This pertains to automatically generated digital content and, more particularly, to digital content generated through image-based searching of data sets. It has use, by way of non-limiting example, in the searching of e-commerce and other sites.
Words sometimes fail us. That can be a problem when it comes to buying on the internet. If you cannot describe it, how can you find it—much less, acquire it? The problem is not limited to e-commerce, of course. Most searches, whether for government, research or other sites, begin with words.
The art is making in-roads into solving the problem. Image-based searching, also known as Content Based Image Retrieval (CBIR), has recently come to the fore. There remains much room for improvement, however, specifically on the problem of real-time and fine-grained retrieval of consumer products, where the many levels of variability in the query image makes this difficult.
A more complete understanding of the discussion that follows may be attained by reference to the drawings, in which:
Devices 12, 14A-14D comprise conventional desktop computers, workstations, minicomputers, laptop computers, tablet computers, PDAs, mobile phones or other digital data devices of the type that are commercially available in the marketplace, all as adapted in accord with the teachings hereof.
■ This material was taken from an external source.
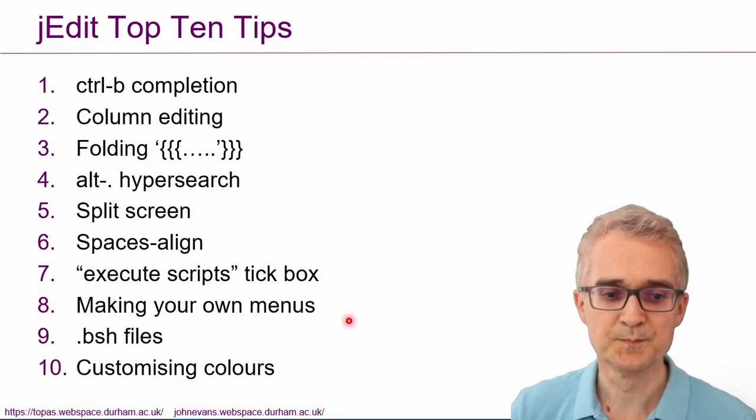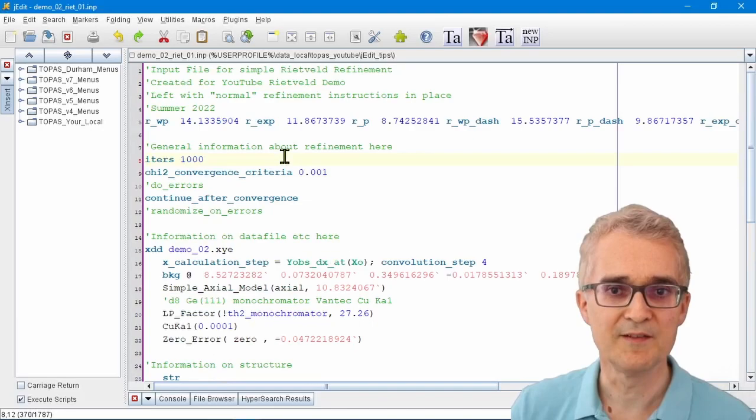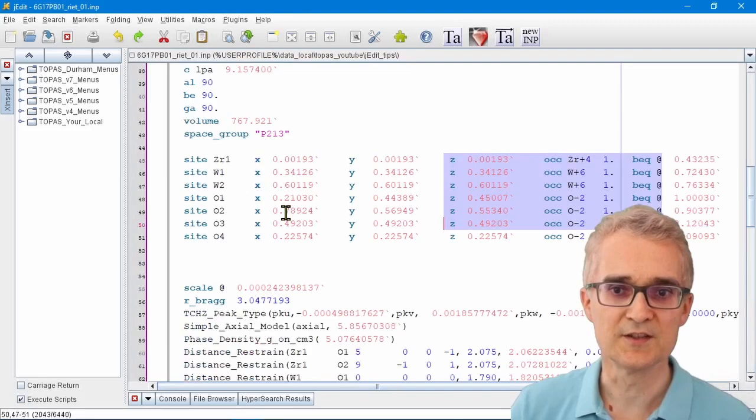Let's switch to my desktop. I've got a typical Rietveld refinement input file here. The first command that I find really useful is command completion.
Thus, each comprises central processing, memory, and input/output subsections (not shown here) of the type known in the art and suitable for (i) executing software of the type described herein and/or known in the art (e.g., applications software, operating systems, and/or middleware, as applicable) as adapted in accord with the teachings hereof and (ii) communicating over network 16 to other devices 12, 14A-14D in the conventional manner known in the art as adapted in accord with the teachings hereof.
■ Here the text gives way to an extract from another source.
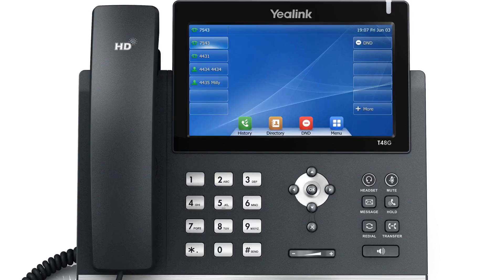The phone's call transfer feature allows you to transfer calls to another party in three different ways: a blind transfer, a semi-attended transfer, and an attended transfer.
Examples of such software include web server 30 that executes on device 12 and that responds to requests in HTTP or other protocols from clients 14A-14D (at the behest of users thereof) for transferring web pages, downloads and other digital content to the requesting device over network 16 in the conventional manner known in the art as adapted in accord with the teachings hereof. Web server 30 includes web applications 31, 33 that include respective search front-ends 31B, 33B, both of which may be part of broader functionality provided by the respective web applications 31, 33 such as, for example, serving up websites or web services (collectively, “websites”) to client devices 14A-14D, all per convention in the art as adapted in accord with the teachings hereof.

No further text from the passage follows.